Africa is touted by many as the ‘rising star’; the continent with new opportunities and the place with abounding possibilities for investment. It has also -perhaps in equal measure- gained a certain notoriety for underdevelopment, political instability and social stagnation.

Many forums have been sponsored and held by ‘development partners’ but little exists to be shown as achievements of these forums and conferences.

On the occasion of US president Barak Obama’s visit to Ghana, he made a statement that immediately became the mantra of most politicians. He declared that Africa needs strong institutions and not strong leaders.

Inasmuch as this is true, and is actually probably the bane of most African nations, it appears as if ‘strong leaders’ are a vital component of the equation. This is because the nature of democracy is such that in places like Africa, the constant cycle of tussling for the top seat divides the people into camps called ‘Parties’ with the attendant animosity.

These camps specialize in what is hilariously termed in Ghana as ‘PhD’ (Pull him down) tactics with the so-called ‘foot soldiers’ occasionally locked up in violent clashes.

Perhaps even worse is the phenomenon where successive governments strive hard to downplay the achievements of the previous government and sometimes blatantly refuse to continue with projects and policies initiated by their predecessors.

One is likely to agree with Obama because if the institutions are strong and independent of the executive, then the executive have no choice but to carry out the national consensus. Again, if there are broad national blueprints for development which the executive is bound to follow then this problem could be avoided, but when each government has its own ideas, that is recipe for disaster against the backdrop of constantly changing governments.

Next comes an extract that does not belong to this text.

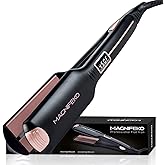 Magnifeko Professional Flat Iron Hair Straightener Wide Plate & Digital Display - Dual Voltage Titanium Hair Straighteners (Black Rosegold)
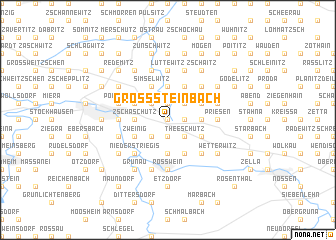 map of Großsteinbach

There is simply no continuity and fluidity of purpose.

On the other hand, a ‘strong man’ with the right policies and intentions could not necessarily be a bad idea for a continent like Africa with scattered fledgling democracies and a few ‘not-so-democracies’ in-between.

Perhaps, as a continent, (say on the level of the African Union) issues like developing a singular policy framework for development should be seriously looked at. And whatever the politicians do, the emphasis should be on the citizenry. Social reform is vital.

Indeed, until we get back the likes of Kwame Nkrumah, perhaps we may need to heed Obama’s call for stronger institutions in favor of stronger leaders.